* Task prompt *
Reproduce, exactly and only, the lines of the data that follows from the one containing "Показана партнерская витрина" down to the one containing "Khi Tử Tước", without pictures.

* Supplied material *
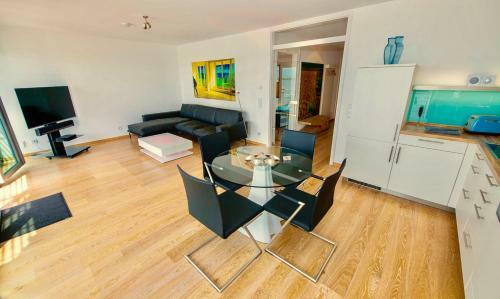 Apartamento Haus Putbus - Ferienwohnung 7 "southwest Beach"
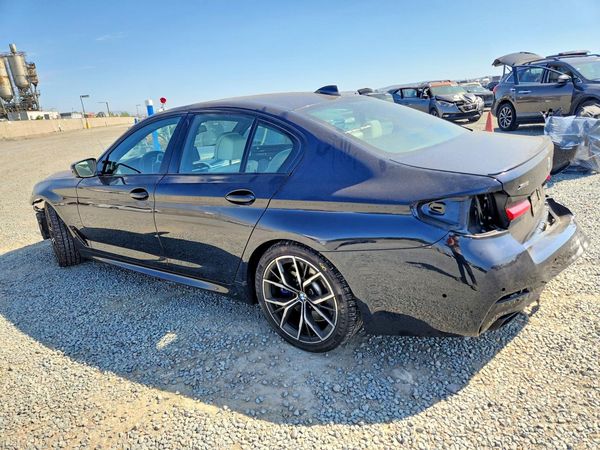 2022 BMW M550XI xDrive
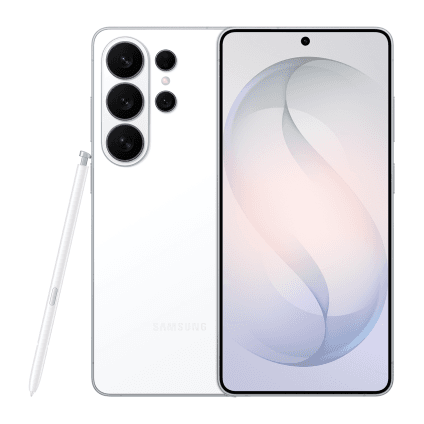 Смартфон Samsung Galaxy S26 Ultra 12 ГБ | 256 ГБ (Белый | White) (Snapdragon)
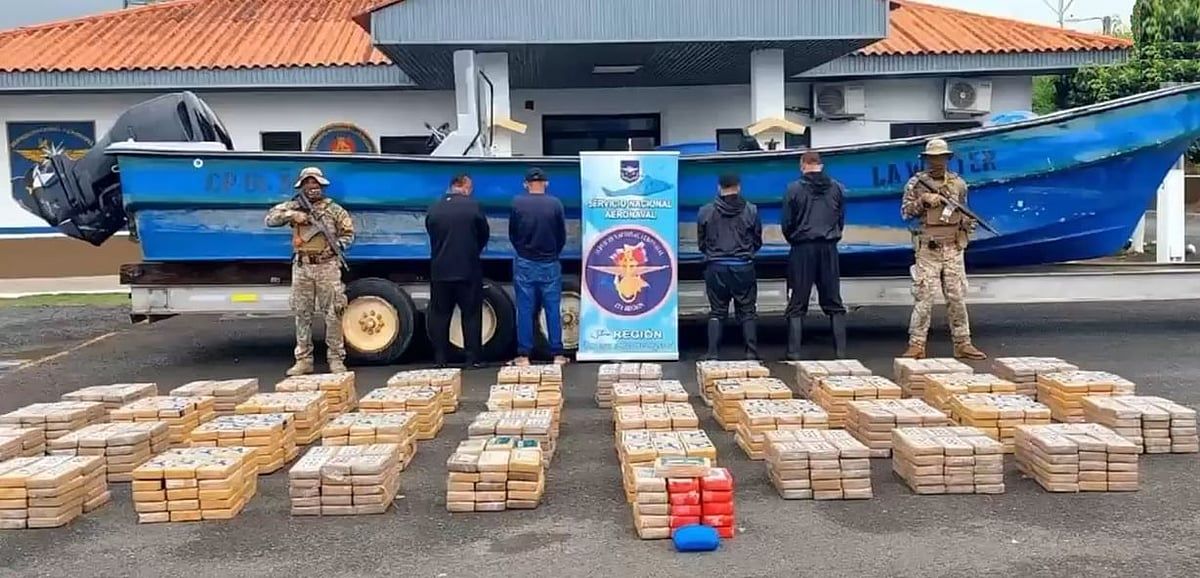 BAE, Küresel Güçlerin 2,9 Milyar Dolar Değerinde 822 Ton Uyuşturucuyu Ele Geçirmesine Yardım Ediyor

* * *

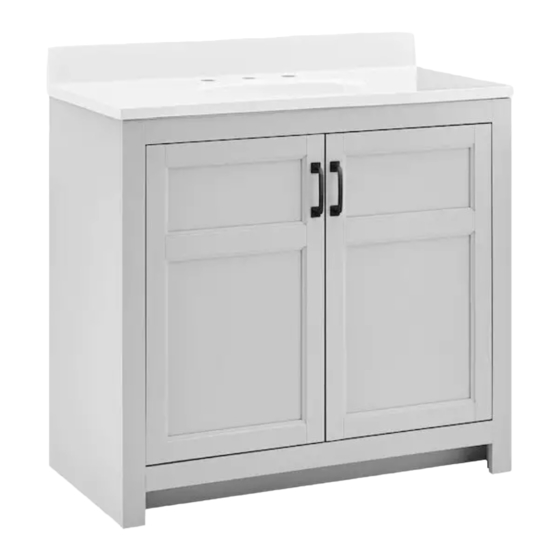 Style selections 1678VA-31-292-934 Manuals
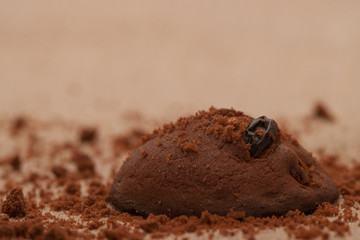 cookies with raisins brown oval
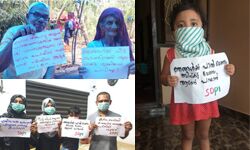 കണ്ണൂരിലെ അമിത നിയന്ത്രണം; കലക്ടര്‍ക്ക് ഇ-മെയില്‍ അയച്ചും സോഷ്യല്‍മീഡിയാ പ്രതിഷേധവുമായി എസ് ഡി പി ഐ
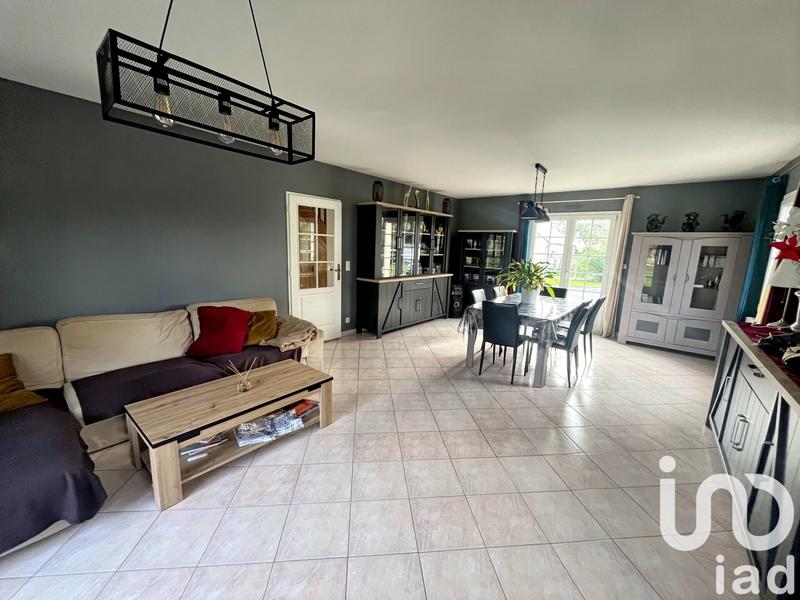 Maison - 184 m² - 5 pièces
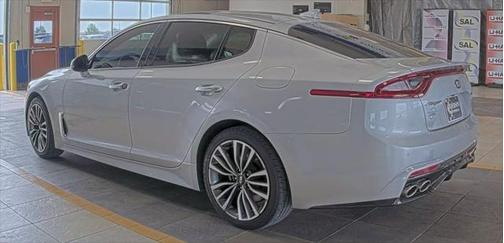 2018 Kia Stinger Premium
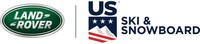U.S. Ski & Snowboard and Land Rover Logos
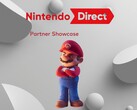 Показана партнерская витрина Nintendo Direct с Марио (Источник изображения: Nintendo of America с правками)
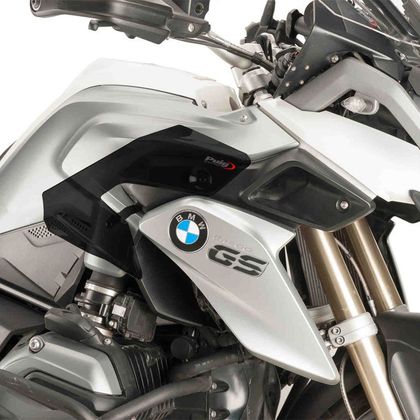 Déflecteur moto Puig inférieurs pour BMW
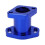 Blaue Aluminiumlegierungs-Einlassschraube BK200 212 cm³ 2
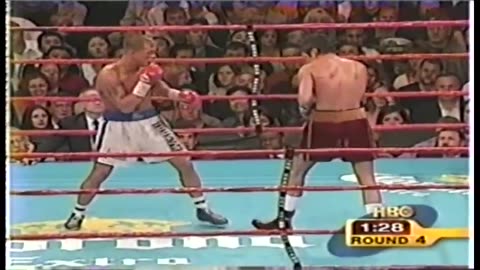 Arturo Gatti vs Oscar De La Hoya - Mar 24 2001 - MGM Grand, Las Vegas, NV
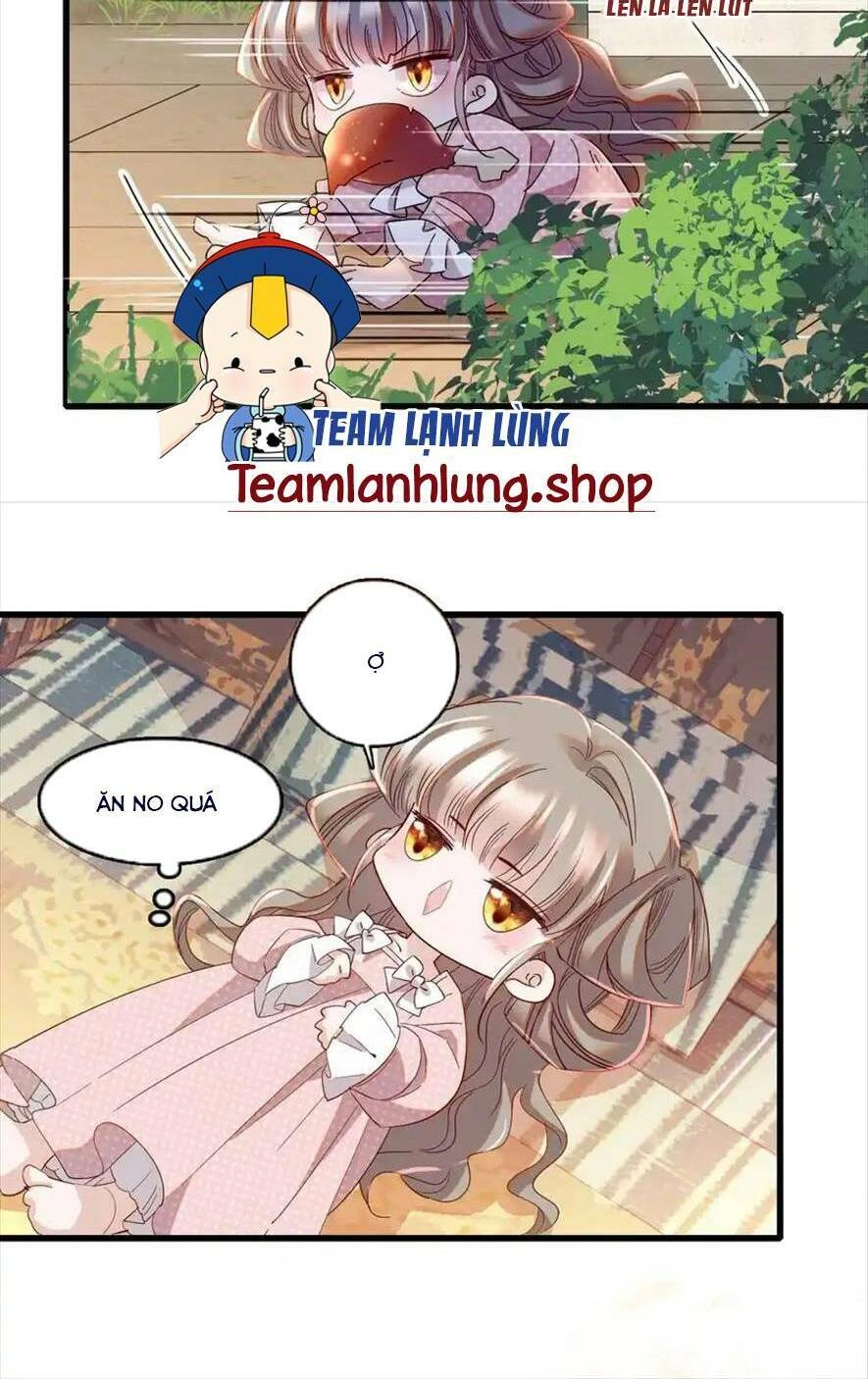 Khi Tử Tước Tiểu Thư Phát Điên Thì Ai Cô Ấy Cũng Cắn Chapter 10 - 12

* Result of this task *
 Показана партнерская витрина Nintendo Direct с Марио (Источник изображения: Nintendo of America с правками)
 Déflecteur moto Puig inférieurs pour BMW
 Blaue Aluminiumlegierungs-Einlassschraube BK200 212 cm³ 2
 Arturo Gatti vs Oscar De La Hoya - Mar 24 2001 - MGM Grand, Las Vegas, NV
 Khi Tử Tước Tiểu Thư Phát Điên Thì Ai Cô Ấy Cũng Cắn Chapter 10 - 12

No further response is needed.